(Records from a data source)
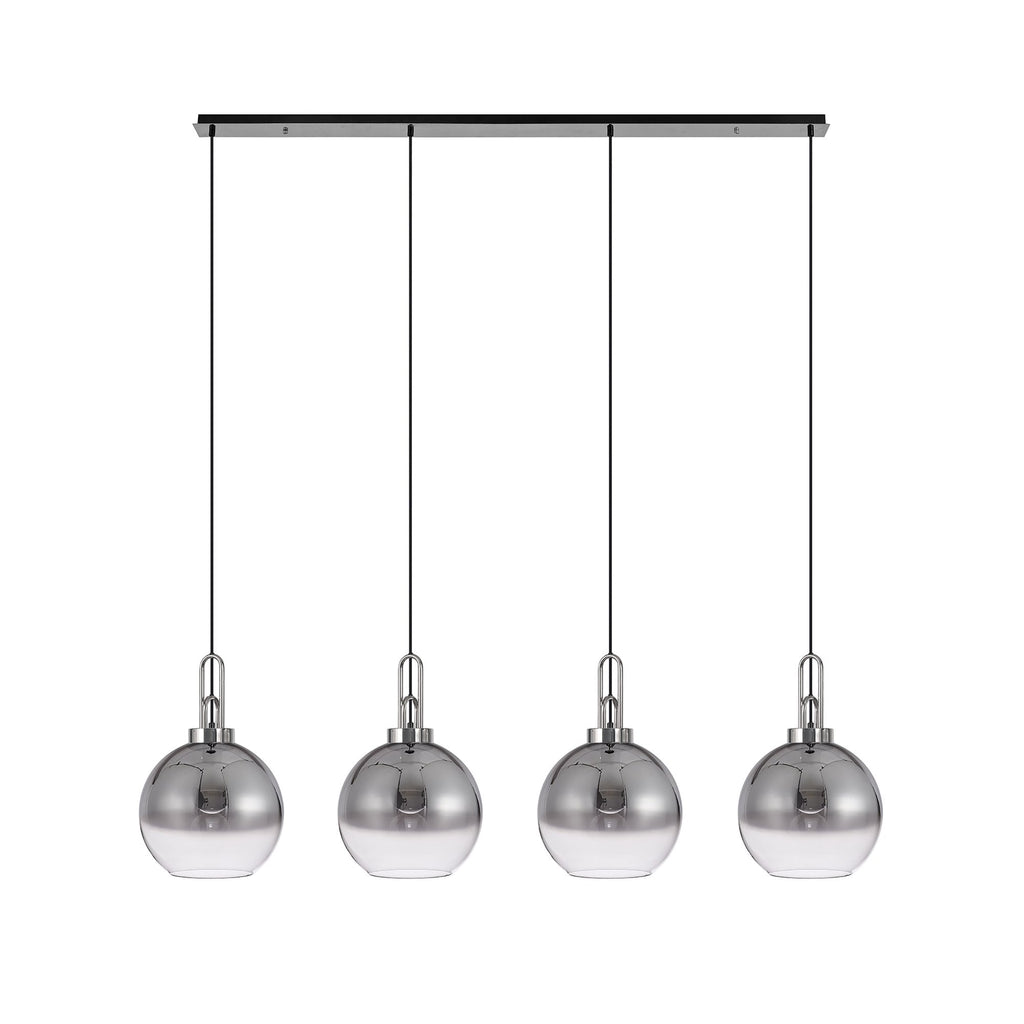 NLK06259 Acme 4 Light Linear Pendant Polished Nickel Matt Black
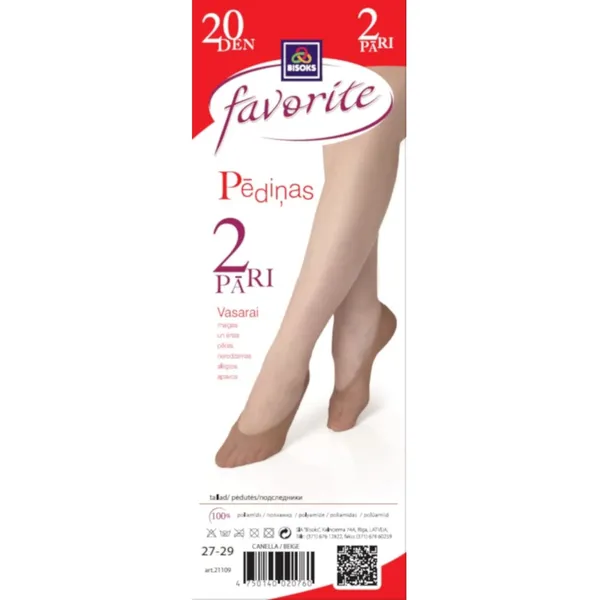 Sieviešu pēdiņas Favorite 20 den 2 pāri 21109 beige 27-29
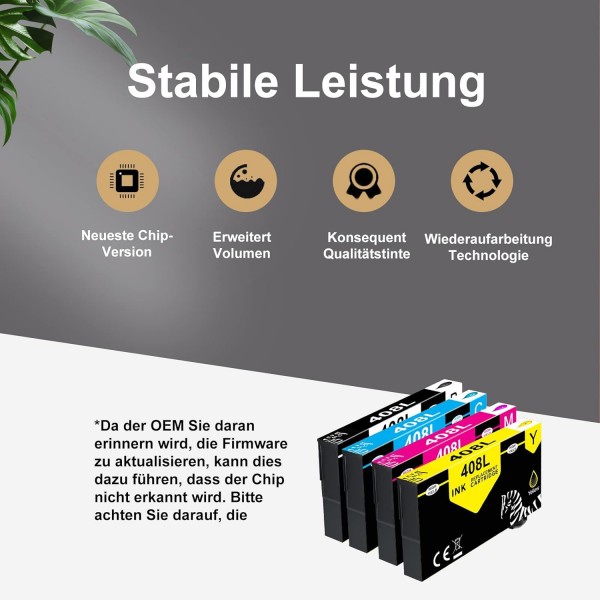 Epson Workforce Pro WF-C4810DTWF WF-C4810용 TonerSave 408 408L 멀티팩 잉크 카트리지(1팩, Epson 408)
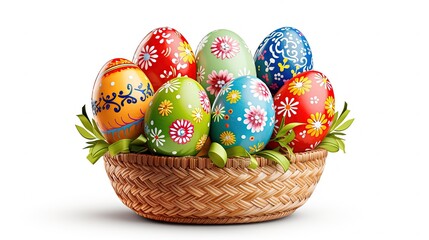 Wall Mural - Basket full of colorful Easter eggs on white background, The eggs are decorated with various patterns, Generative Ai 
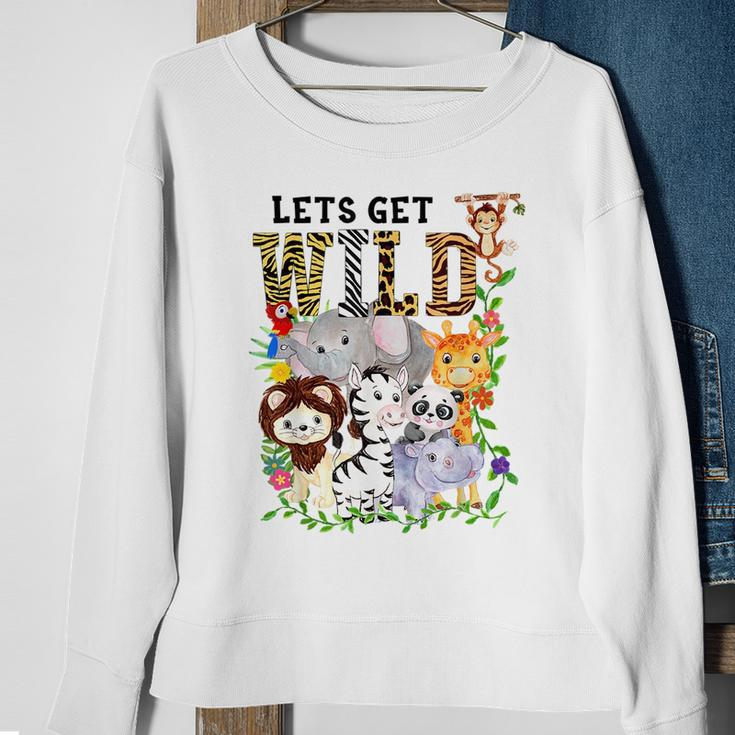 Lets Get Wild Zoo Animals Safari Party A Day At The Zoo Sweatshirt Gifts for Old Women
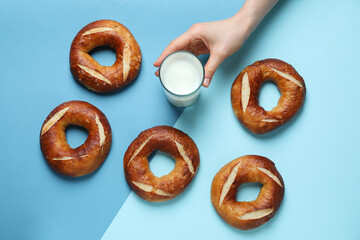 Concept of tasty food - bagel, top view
...
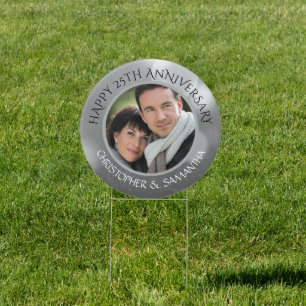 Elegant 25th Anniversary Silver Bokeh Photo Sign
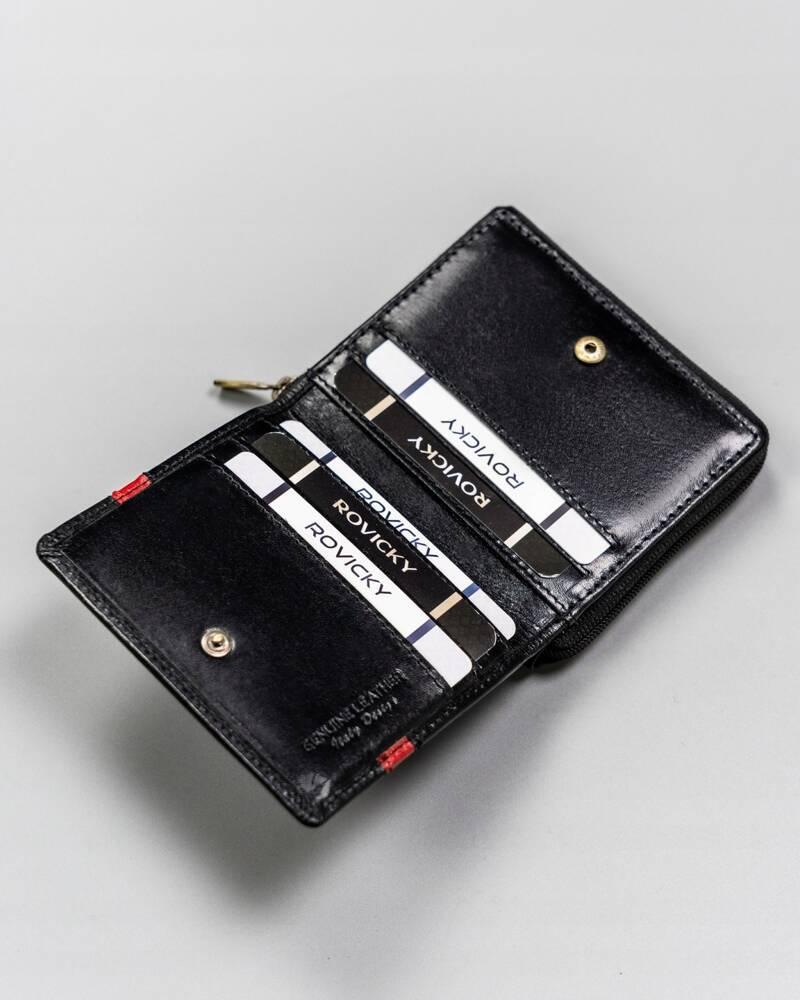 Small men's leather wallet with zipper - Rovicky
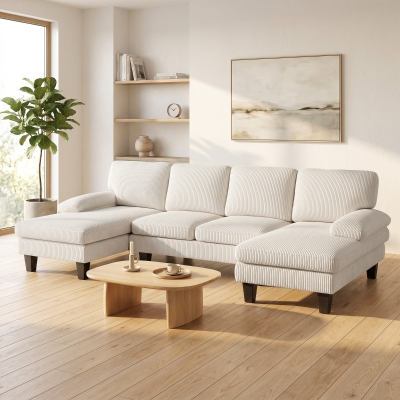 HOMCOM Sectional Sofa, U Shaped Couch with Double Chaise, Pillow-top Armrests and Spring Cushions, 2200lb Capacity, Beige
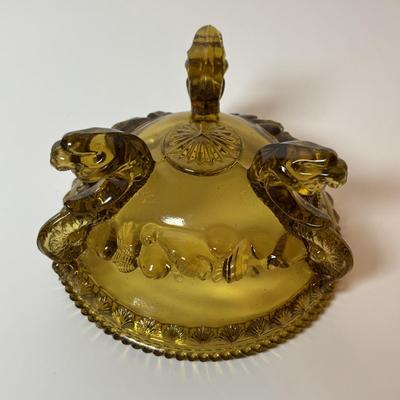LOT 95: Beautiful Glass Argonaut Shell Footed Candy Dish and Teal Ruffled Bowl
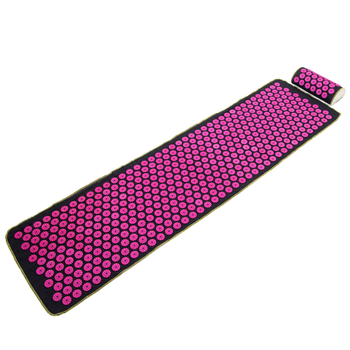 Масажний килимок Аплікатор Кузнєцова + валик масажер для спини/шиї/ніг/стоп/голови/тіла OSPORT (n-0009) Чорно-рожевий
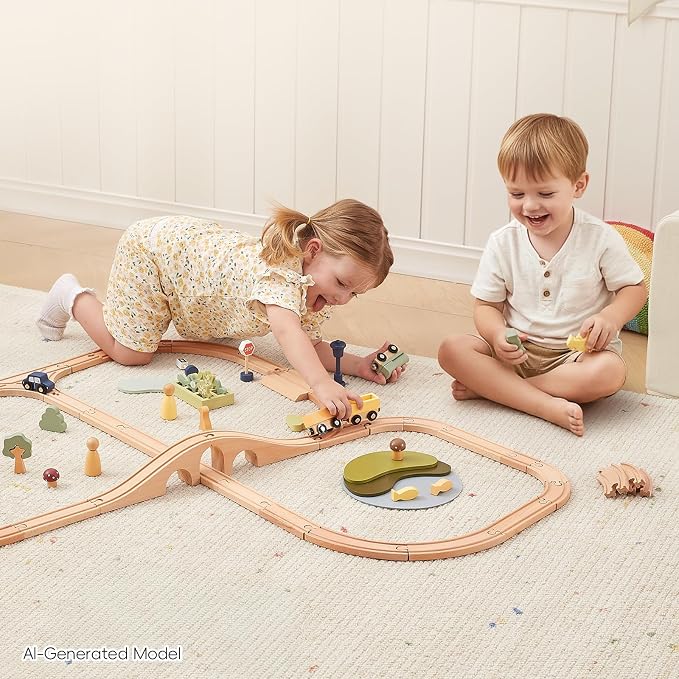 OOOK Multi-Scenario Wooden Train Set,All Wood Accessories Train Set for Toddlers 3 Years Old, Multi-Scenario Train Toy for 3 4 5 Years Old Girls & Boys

### Exercise description:
With the pictures omitted, copy the entries above exactly from the line containing "NLK06259 Acme 4" through the line containing "Concept of tasty food - bagel, top view", both lines included.

### Answer for the task:
 NLK06259 Acme 4 Light Linear Pendant Polished Nickel Matt Black
 Sieviešu pēdiņas Favorite 20 den 2 pāri 21109 beige 27-29
 Epson Workforce Pro WF-C4810DTWF WF-C4810용 TonerSave 408 408L 멀티팩 잉크 카트리지(1팩, Epson 408)
 Wall Mural - Basket full of colorful Easter eggs on white background, The eggs are decorated with various patterns, Generative Ai 
 Lets Get Wild Zoo Animals Safari Party A Day At The Zoo Sweatshirt Gifts for Old Women
 Concept of tasty food - bagel, top view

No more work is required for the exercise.